Using implicit differentiation I got the normal line $y=5x-12$ but now I need to find the other intersecting point. What do I do from here?
On
It is also possible to exploit the fact that the equation $ \ x^2 + 3xy - 4y^2 \ = \ 0 \ $ describes a "degenerate" conic. Since we can factor the (bi-variate) polynomial as $ \ (x - y)·(x + 4y) \ = \ 0 \ \ , $ this "curve" is actually the union of the two lines $ \ y \ = \ x \ $ and $ \ x \ = \ -4y \ $ (or $ \ y \ = \ -\frac14 x \ ) \ . $ [This is seen in user235711131's graph.] The point $ \ (3 \ , \ 3) \ $ is on the line $ \ y \ = \ x \ \ ; $ since the slope of the line is $ \ m \ = \ 1 \ \ , $ the slope of a normal line to a point on this line is $ \ -\frac{1}{m} \ = \ -1 \ \ . $ Hence, the equation of the normal line at the given point is $ \ y - 3 \ = \ (-1)·(x - 3) \ \ $ or $ \ y \ = \ -x + 6 \ $ (as found in many of the other posts and comments).
Since this line is not parallel to either of the component lines of the degenerate conic, it must intersect each of them. We already have the intersection $ \ (3 \ , \ 3) \ $ on $ \ y \ = \ x \ \ , $ so we want to find the intersection of the normal line with $ \ x \ = \ -4y \ \ . $ We have a choice of ways to do this; one is to solve $$ x \ = \ -4y \ \ \Rightarrow \ \ x \ = \ -4·(-x + 6) \ = \ 4x - 24 \ \ \Rightarrow \ \ 3x \ = \ 24 \ \ \Rightarrow \ \ x \ = \ 8 $$ $$ \Rightarrow \ \ y \ = \ (-8 ) + 6 \ = \ -2 \ \ . $$
Thus, the second intersection point of the chosen normal line with the degenerate conic is at $ \ (8 \ , \ -2) \ \ $ (as also seen in the posted graph).
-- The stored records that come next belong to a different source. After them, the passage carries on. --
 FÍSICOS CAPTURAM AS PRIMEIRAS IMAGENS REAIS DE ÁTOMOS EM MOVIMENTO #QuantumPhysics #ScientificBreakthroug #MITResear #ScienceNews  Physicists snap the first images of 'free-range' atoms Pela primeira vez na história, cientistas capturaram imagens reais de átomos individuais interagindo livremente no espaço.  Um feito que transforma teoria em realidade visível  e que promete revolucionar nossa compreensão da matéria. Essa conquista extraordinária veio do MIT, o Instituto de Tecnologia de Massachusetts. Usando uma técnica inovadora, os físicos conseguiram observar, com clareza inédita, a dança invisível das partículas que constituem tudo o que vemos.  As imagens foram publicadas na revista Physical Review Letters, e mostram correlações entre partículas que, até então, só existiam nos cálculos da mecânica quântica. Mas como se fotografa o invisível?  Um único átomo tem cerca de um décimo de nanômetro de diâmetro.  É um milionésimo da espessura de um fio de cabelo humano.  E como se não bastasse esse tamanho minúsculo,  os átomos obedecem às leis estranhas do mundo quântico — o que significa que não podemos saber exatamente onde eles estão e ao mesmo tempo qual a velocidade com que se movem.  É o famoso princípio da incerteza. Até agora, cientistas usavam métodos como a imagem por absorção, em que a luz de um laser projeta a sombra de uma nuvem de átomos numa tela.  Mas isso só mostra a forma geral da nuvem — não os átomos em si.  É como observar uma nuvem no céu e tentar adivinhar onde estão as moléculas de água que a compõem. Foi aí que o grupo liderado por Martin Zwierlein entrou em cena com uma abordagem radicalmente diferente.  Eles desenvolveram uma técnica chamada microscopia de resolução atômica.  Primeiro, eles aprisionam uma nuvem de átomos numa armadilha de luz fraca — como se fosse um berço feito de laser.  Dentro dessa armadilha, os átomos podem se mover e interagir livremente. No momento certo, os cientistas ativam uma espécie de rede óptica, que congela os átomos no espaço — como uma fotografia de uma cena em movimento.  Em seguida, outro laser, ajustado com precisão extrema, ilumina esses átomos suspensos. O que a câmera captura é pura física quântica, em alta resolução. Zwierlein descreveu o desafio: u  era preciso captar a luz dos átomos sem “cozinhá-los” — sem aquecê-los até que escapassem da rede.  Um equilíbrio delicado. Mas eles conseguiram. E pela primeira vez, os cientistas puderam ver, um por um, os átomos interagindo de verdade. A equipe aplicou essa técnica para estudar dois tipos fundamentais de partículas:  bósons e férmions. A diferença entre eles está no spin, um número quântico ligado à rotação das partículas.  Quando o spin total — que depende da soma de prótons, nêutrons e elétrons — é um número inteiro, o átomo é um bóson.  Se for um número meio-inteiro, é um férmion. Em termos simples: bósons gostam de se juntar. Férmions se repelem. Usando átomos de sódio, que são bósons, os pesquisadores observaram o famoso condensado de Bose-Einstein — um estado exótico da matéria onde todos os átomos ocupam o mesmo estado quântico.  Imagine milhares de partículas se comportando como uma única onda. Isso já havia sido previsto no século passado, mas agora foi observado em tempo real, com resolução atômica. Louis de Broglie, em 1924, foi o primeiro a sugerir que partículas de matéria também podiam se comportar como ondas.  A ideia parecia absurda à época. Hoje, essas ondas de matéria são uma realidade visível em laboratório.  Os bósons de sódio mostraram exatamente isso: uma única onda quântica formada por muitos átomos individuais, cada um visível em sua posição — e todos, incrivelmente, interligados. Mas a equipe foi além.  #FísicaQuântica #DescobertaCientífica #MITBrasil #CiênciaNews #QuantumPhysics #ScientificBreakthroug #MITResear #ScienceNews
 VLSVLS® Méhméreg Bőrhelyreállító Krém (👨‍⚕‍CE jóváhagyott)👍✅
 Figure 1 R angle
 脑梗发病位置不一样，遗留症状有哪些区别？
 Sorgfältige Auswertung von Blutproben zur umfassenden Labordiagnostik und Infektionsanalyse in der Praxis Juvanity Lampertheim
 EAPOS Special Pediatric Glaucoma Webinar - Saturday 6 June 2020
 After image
$$x^2+3xy-4y^2=0$$ Differentiate: $$2x+3y+3xy'-8yy'=0$$ At $(3,3)$ the slope for the tangent line is: $$15=15y' \implies y'=1$$ $$y=x$$ The normal line is therefore: $$y=-x+b$$ With $(x,y)=(3,3) \implies b=6$ $$y=-x+6$$
Plug this in the original equation to get the intersection points: $$x^2+3xy-4y^2=0$$ $$x^2+3x(-x+6)-4(-x+6)^2=0$$ Solve for x the equation.